Rowan's instincts reacted faster than her conscious mind. A split second before old Harry's fingertips touched her hair, she slightly shifted her body, her right hand flashing out like lightning, grabbing his wrist.
"Crack." That was the sound of bone breaking.
"Ah—!" Old Harry let out a pig-like scream, collapsing to his knees on the muddy ground, utterly exhausted.
Rowan showed no extra emotion. She snatched the black cloth bag, simultaneously delivering a powerful knee strike to old Harry's abdomen.
Old Harry curled up on the ground, vomiting bile. He couldn't believe this seemingly sickly girl possessed such terrifying strength and an overwhelming hunting instinct.
"Remember," Rowan bent down, her voice icy cold, devoid of warmth, like reciting some natural law, "This is the north slope. Here, I am the predator, you are the prey."
She didn't kill him. Not out of mercy, but because a dead medicine merchant would attract a police search of the mountains, a problem she couldn't currently handle. Rowan picked up the antibiotics and alcohol from the ground and, under the watchful gaze of those fearful and resentful eyes, quickly retreated into the depths of the forest.
That night, in a secluded cave in the redwood forest, Rowan lit a tiny fire.
Gritting her teeth, she poured the bottle of high-proof alcohol directly onto the festering wound on her right leg. The intense pain caused her body to convulse violently, cold sweat instantly soaking through her animal-skin cloak, but she still didn't utter a cry. This pain was far clearer and purer than the stone Julian had hurled at her years ago, or the sticky, malicious gaze of humans.
She swallowed the expired antibiotics.
At that moment, she felt the microscopic war waged by the drug against the bacteria within her body. She realized that humanity's only strength lay not in their bodies or souls, but in these cold, meticulously crafted chemical compounds.
From that day forward, Rowan began her mad experiments on various highly poisonous plants in the forest. She no longer merely gathered fungi to fill her stomach; she began systematically extracting, concentrating, and mixing spores and sap powerful enough to paralyze the nerves.
Since humans used drugs to control life, she would learn to defend her territory with natural toxins.
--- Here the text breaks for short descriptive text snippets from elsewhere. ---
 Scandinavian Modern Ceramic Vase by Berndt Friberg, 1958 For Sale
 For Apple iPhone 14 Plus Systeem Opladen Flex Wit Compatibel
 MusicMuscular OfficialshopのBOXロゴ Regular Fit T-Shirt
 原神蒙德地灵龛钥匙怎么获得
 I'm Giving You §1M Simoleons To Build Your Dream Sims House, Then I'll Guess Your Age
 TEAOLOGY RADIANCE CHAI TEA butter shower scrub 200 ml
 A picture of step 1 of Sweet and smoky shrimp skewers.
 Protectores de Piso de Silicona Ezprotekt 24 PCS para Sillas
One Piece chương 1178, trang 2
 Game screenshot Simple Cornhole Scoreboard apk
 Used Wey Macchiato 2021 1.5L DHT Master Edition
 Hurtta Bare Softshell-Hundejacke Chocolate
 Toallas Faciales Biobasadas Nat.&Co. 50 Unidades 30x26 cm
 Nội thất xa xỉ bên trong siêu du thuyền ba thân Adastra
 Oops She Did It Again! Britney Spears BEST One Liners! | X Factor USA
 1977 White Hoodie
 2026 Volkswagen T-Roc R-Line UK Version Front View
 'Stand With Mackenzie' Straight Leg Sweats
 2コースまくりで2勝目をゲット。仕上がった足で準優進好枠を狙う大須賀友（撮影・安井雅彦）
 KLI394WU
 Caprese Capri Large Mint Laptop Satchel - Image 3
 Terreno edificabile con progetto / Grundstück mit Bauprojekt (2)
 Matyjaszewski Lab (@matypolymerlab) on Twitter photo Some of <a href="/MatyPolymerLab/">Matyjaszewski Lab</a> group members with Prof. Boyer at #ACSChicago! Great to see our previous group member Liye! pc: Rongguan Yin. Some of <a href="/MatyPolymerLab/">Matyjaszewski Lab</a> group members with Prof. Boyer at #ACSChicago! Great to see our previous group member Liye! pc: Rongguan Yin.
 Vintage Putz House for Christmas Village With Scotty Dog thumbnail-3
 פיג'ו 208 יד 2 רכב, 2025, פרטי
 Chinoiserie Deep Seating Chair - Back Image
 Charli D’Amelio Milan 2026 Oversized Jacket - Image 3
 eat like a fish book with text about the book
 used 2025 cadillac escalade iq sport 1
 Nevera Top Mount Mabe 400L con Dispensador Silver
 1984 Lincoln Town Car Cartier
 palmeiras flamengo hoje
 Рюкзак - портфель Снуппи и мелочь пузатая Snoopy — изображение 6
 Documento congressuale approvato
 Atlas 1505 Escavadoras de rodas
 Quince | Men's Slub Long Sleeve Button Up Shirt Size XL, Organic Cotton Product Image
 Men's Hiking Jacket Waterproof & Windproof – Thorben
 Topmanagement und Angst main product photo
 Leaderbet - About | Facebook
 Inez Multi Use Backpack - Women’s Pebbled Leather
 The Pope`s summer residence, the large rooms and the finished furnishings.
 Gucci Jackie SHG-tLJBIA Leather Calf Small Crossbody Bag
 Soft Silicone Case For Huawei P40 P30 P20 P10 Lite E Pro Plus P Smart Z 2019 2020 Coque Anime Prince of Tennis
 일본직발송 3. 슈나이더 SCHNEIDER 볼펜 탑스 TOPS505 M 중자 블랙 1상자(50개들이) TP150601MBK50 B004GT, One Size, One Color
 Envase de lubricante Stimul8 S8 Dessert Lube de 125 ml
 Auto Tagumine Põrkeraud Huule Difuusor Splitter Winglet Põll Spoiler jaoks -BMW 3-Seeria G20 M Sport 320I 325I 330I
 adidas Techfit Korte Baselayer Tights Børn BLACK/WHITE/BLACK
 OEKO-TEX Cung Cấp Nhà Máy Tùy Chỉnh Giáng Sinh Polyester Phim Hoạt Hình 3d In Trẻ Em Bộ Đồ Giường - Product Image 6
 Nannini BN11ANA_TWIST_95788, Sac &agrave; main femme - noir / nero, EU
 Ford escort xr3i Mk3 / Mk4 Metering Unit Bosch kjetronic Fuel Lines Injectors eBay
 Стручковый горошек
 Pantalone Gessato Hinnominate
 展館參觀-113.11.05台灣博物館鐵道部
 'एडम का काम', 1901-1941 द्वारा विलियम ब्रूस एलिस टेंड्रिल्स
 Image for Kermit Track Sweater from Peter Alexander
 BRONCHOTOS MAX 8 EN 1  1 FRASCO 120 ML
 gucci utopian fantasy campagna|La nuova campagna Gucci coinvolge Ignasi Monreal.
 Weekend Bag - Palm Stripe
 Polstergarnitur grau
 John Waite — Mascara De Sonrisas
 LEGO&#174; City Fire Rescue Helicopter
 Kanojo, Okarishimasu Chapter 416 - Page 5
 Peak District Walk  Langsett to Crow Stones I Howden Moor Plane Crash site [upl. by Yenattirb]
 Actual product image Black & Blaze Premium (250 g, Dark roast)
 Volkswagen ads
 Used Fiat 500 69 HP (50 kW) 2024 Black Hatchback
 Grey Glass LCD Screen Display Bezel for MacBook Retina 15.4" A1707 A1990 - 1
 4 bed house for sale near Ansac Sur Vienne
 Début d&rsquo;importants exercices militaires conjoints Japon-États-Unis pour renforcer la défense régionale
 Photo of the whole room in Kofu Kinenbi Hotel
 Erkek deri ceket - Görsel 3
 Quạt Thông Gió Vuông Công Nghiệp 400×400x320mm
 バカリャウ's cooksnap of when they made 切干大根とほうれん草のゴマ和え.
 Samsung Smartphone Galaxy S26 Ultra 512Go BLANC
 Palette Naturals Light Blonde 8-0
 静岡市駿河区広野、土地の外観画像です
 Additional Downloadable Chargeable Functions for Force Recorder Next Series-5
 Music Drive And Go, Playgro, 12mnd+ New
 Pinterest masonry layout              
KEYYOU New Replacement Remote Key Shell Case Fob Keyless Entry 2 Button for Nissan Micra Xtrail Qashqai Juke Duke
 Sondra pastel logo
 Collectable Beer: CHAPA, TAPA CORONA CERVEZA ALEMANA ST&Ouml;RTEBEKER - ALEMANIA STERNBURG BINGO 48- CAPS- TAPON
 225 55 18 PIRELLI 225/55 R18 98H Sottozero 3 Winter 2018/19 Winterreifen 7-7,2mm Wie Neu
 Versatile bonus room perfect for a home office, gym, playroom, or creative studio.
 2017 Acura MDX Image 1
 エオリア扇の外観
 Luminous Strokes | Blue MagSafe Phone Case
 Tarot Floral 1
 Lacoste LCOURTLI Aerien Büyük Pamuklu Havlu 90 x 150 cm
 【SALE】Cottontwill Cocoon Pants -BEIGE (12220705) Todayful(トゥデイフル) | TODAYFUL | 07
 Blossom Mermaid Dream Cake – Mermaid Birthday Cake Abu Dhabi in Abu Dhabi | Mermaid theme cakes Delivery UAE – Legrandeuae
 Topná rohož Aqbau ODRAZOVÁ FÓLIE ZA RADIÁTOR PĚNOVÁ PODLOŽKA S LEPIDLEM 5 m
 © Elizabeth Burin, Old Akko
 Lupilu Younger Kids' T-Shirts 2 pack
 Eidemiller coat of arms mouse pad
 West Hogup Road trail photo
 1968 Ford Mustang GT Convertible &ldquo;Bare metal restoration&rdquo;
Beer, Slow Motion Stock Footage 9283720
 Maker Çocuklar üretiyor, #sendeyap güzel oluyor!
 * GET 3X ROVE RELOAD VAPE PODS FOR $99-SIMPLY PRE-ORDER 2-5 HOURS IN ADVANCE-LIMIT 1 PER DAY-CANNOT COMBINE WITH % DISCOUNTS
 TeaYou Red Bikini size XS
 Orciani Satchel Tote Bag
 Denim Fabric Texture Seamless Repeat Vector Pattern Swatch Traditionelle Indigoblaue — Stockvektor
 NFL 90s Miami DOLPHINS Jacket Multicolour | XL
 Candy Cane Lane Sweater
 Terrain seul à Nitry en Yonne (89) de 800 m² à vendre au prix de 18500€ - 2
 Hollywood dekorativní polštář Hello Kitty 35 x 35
This failed "borderline deal" became Rowan's last tentative contact with the civilized world. For the next eight years, she completely sealed off all paths to Graycliff. She no longer needed salt, no longer needed matches, and no longer needed humanity's hypocritical drugs.
She herself was the most incurable virus in this forest.
And in that extremely luxurious office, Julian Carter stared at the broken "Blue Queen" that old Harry had brought back, listening to old Harry's exaggerated descriptions of the "forest monster."
The fuse of greed and revenge was ignited at that moment.